Question

If A (2, 2), B (– 4, – 4) and C (5, – 8) are the vertices of a triangle, then the length of the median through vertex C is _________
(a) $\sqrt{65}\text{ }units$
(b) $\sqrt{117}\text{ }units$
(c) $\sqrt{85}\text{ }units$
(d) $\sqrt{113}\text{ }units$

Answer 1

Hint: First of all, draw a triangle ABC and a median from vertex C meeting AB at D. Now, find the coordinates of D (x, y) which is the midpoint of AB by using $x=\dfrac{{{x}_{1}}+{{x}_{2}}}{2};y=\dfrac{{{y}_{1}}+{{y}_{2}}}{2}$. Now, find the length of the CD by using the distance formula that is $\sqrt{{{\left( {{x}_{2}}-{{x}_{1}} \right)}^{2}}+{{\left( {{y}_{2}}-{{y}_{1}} \right)}^{2}}}$.

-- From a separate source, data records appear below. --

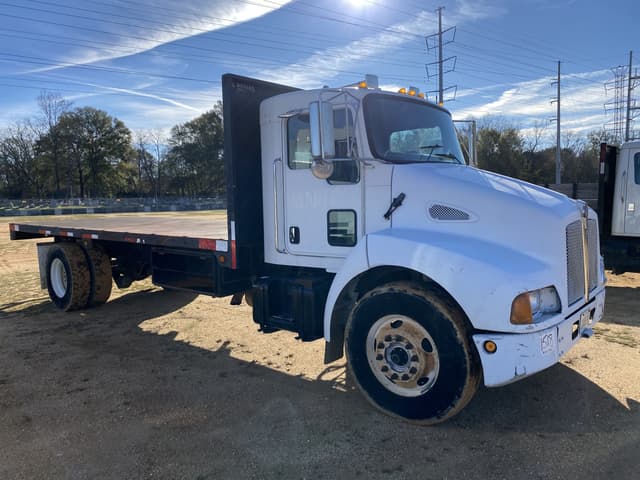 Image of Kenworth T-300 equipment image 3
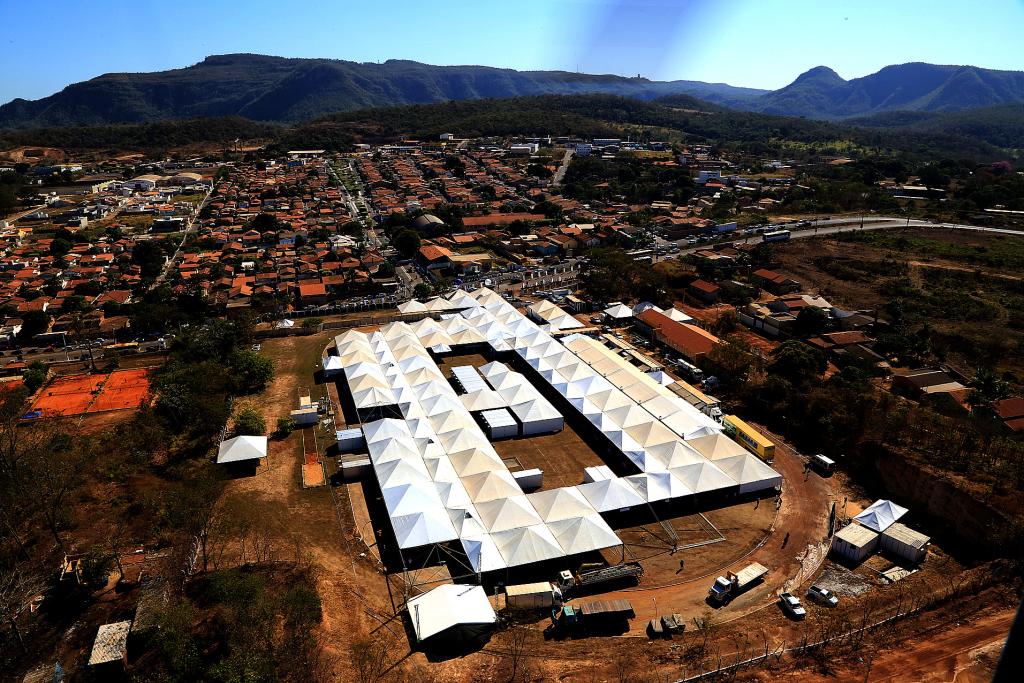 Comitiva de Goiás conhece estrutura da Caravana em Barra do Garças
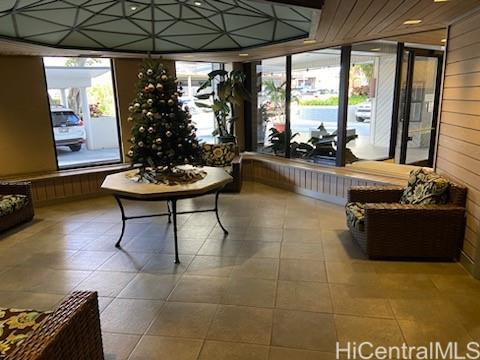 Town House condo # 915, Honolulu, Hawaii - photo 2 of 8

Complete step-by-step answer:
We are given that A (2, 2), B (– 4, – 4) and C (5, – 8) are the vertices of a triangle, then we have to find the length of the median through vertex C. Let us draw a triangle ABC and CD as the median from vertex C as follows:

We know that the median from the vertex of the triangle cut opposite sides into two equal parts that are in the above figure, D would be the midpoint of side AB. Let us find the coordinates of point D. We know that if R (x, y) is the midpoint of line joining $P\left( {{x}_{1}},{{y}_{1}} \right)\text{ and }Q\left( {{x}_{2}},{{y}_{2}} \right)$, then we get the coordinates of R as,
$x=\dfrac{{{x}_{1}}+{{x}_{2}}}{2};y=\dfrac{{{y}_{1}}+{{y}_{2}}}{2}$
By taking $\left( {{x}_{1}},{{y}_{1}} \right)$ as A (2, 2) and $\left( {{x}_{2}},{{y}_{2}} \right)$ as B (– 4, – 4), we get the midpoint of the side AB that is D (x, y) as
$x=\dfrac{2+\left( -4 \right)}{2}$
$x=\dfrac{2-4}{2}$
$x=\dfrac{-2}{2}$
$x=-1$
$y=\dfrac{2+\left( -4 \right)}{2}$
$y=\dfrac{2-4}{2}$
$y=\dfrac{-2}{2}$
$y=-1$
So, we get the coordinates of D (x, y) = (– 1, – 1).
Now, we have to find the length of the CD which is our median. We know that the length of the line joining two points $P\left( {{x}_{1}},{{y}_{1}} \right)\text{ and }Q\left( {{x}_{2}},{{y}_{2}} \right)$ is given by using the distance formula as:
$PQ=\sqrt{{{\left( {{x}_{2}}-{{x}_{1}} \right)}^{2}}+{{\left( {{y}_{2}}-{{y}_{1}} \right)}^{2}}}$
So, by using this and taking $\left( {{x}_{1}},{{y}_{1}} \right)=C\left( 5,-8 \right)\text{ and }\left( {{x}_{2}},{{y}_{2}} \right)=D\left( -1,-1 \right)$. We get the distance between C and D or CD as,
$CD=\sqrt{{{\left( -1-5 \right)}^{2}}+{{\left( -1+8 \right)}^{2}}}$
$CD=\sqrt{{{\left( -6 \right)}^{2}}+{{\left( 7 \right)}^{2}}}$
$CD=\sqrt{-36+49}$
$CD=\sqrt{85}\text{ }units$
So, we get the length of the median as $\sqrt{85}\text{ }units$.
Hence, the option (c) is the right answer.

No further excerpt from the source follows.